2) Dans une République s’en tenant à un minimum d’éthique, le ministre du Budget – défenseur de nos intérêts collectifs et de nos impôts – ne peut en aucun cas – en aucun cas ! – être le trésorier d’une association de millionnaires soutenant (c’est leur droit légitime) l’action du président de la République. Il n’est pas concevable, pas un instant concevable, qu’Eric Woerth, car c’est de lui dont il s’agit, ait pu frayer avec ces gens-là. Non pas que ces gens-là soient par essence coupables, mais le ministre du Budget, par définition, par fonction, sait que ces gens-là, tous ces gens-là, sont les champions de ce qu’on appelle poliment « l’optimisation fiscale ». En clair, des batteries de conseillers, de spécialistes ont pour seul métier de leur faire (légalement) payer le moins d’impôts possible. Eric Woerth n’a donc pas à les fréquenter, ils sont, l’un et les autres, antithétiques. Pire encore, le ministre des impôts savait pertinemment qu’un certain nombre de ces gens-là – personne n’en doute et Woerth pas davantage – fraude très intelligemment, très « scientifiquement » le fisc. Et il n’en prend pas moins le risque de les fréquenter ?
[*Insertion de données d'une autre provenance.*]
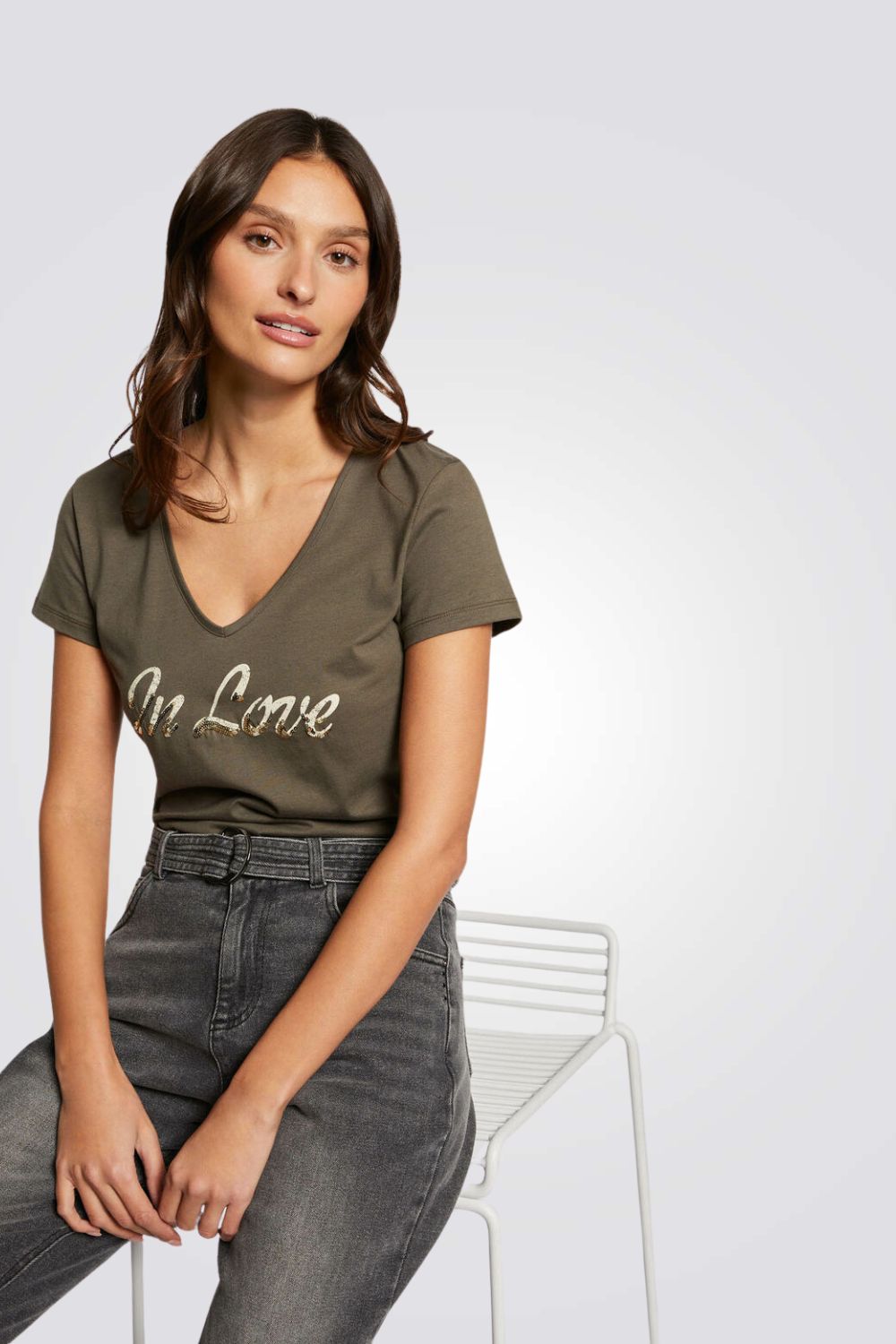 חולצה עם הדפס בצבע חאקי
Comment et pourquoi ne s’en est-il pas même rendu compte ? Pourquoi cet éminent personnage de la « bulle », maire de la richissime Chantilly, a-t-il disjoncté au point de se couper des Français, des dizaines de millions de Français qui n’appartiennent pas à cet univers ?
Poursuivons notre questionnement.


3) Dans une République décente, comment un ministre, par ailleurs un élu du peuple, peut-il mentir aussi effrontément, jusqu’à laisser sans voix les trois journalistes du Grand Jury-RTL qui, pourtant, l’ont interrogé sans concession aucune ? Comment peut-il répondre « Banier », quand on le questionne à propos de Liliane Bettencourt ? Comment peut-il feindre d’ignorer que les documents transmis par le procureur Courroye au ministère du Budget contraignaient les services fiscaux à enquêter sans plus attendre sur la femme la plus riche de France, qu’il ne pouvait l’ignorer et qu’il ne s’est rien passé tant que la presse n’était pas en mesure de jouer son rôle –essentiel en démocratie – de révélateur ?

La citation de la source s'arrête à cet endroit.